Betriebsübernahmen: Unternehmensnachfolge im Handwerk ist beliebt

In den Meisterbetrieben des Handwerks gibt es eine Gründungs- und Nachfolgerkultur. Warum die Selbständigkeit im Handwerk und Mittelstand wieder mehr junge Menschen lockt, beispielsweise die Schwestern Corinna und Irina Wahrendorf.

Nachfolge wird wieder beliebter

Für Irina Wahrendorf und ihre Schwester Corinna war es immer klar, einmal das von Vater Uwe gegründete Kontaktlinsen-Institut in Berlin zu übernehmen. „In der DDR war die berufliche Selbstbestimmung nicht sehr ausgeprägt, gleichzeitig war es attraktiv, einen Handwerksbetrieb zu führen“, erzählt die Augenoptikermeisterin. Sie und ihre Schwester arbeiteten gut 20 Jahre im Betrieb des Vaters, bevor sie ihn 2011 kauften. Heute sind solche Berufslaufbahnen im Handwerk die Ausnahme.
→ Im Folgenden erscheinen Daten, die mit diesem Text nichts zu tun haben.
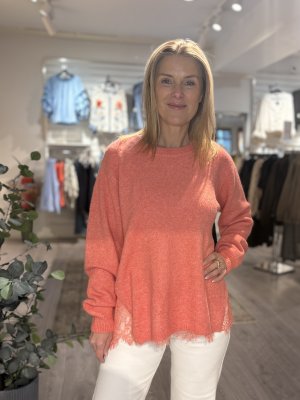 Zoom bild av Tessan - Stickad tröja med spets - Korall - OneSize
Trotzdem gibt es im Handwerk wieder mehr Interesse an der Übernahme eines Betriebes, hat das Volkswirtschaftliche Institut für Mittelstand und Handwerk an der Universität Göttingen (ifh) in einer Studie herausgefunden. Eine Untersuchung der Stiftung Familienunternehmen, durchgeführt von der Zeppelin-Universität in Friedrichshafen, hat sogar ermittelt, dass beim Unternehmernachwuchs 60 Prozent planen, in absehbarer Zeit als Nachfolger unternehmerisch aktiv zu werden, oder bereits in der Verantwortung im Familienunternehmen sind. „Nur rund 13 Prozent planen, dies überhaupt nicht zu tun“, hat Reinhard Prügl vom Friedrichshafener Institut für Familienunternehmen herausgefunden.

Die Erkenntnisse aus den Untersuchungen können Handwerksunternehmern helfen, Kandidaten für ihre Betriebsnachfolge innerhalb oder außerhalb der Familie besser zu motivieren.
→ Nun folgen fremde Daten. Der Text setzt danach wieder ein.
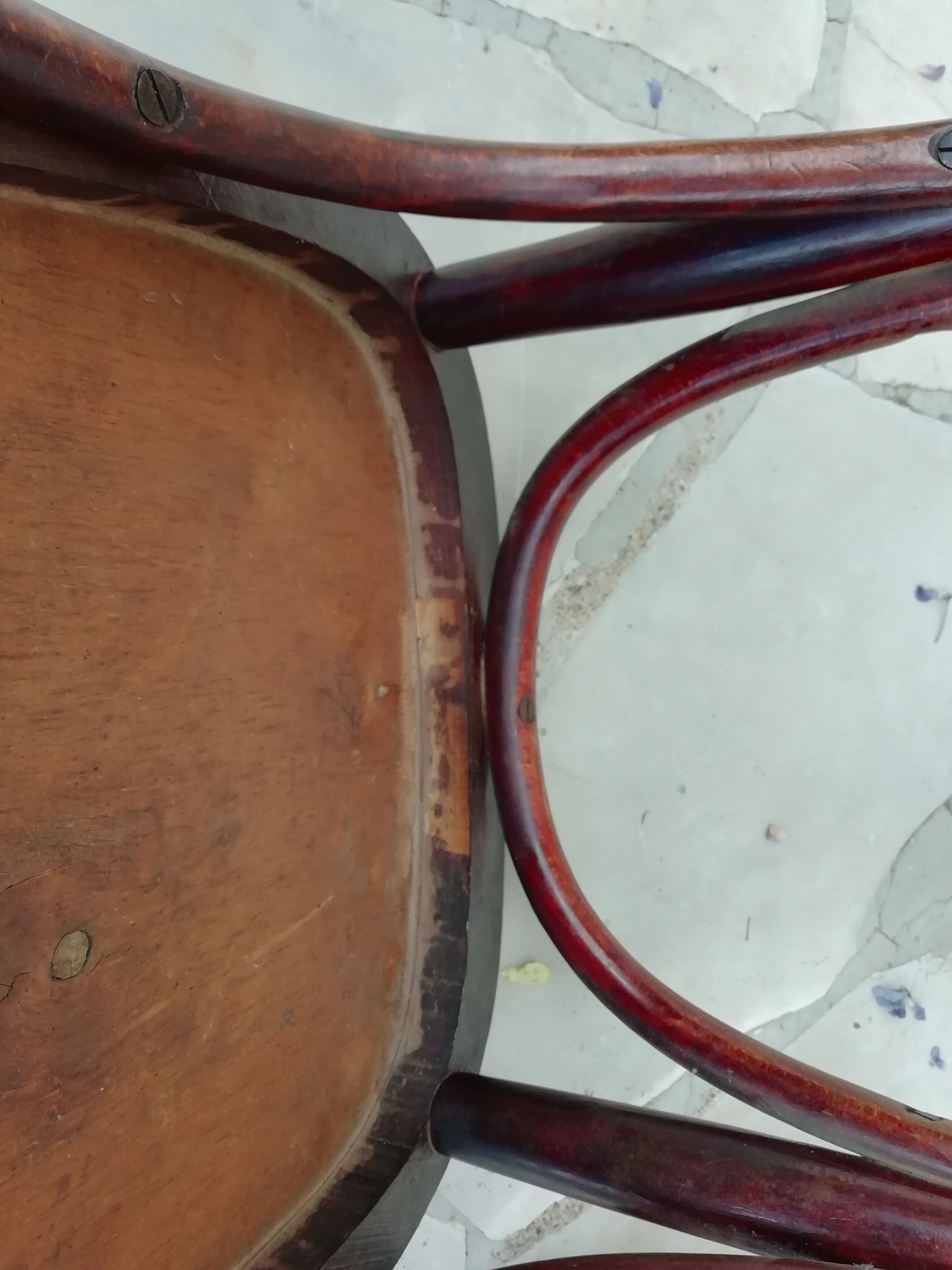 Fischel bistro table and 3 thonet chairs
„In einem Meister- oder Selbständigenhaushalt aufgewachsen zu sein spornt viele junge Handwerker offenbar zu einer vergleichbaren Karriere an“, hat ifh-Geschäftsführer Klaus Müller bei der Befragung von Meisterschülern an acht Handwerkskammern herausgefunden. Insgesamt lasse sich die Meisterausbildung als Teil einer Gründungskultur charakterisieren, so Müller. Auch wenn die Befragten über das „Wie“ ihrer Selbständigen-Karriere sich noch nicht endgültig klar sind, überwiegt doch die Tendenz zur Übernahme eines bestehenden Betriebes. Interessant ist hier, dass kleinere Handwerksbetriebe bei Mitarbeitern und in der Familie ein höheres Interesse an Selbständigkeit wecken als größere Betriebe.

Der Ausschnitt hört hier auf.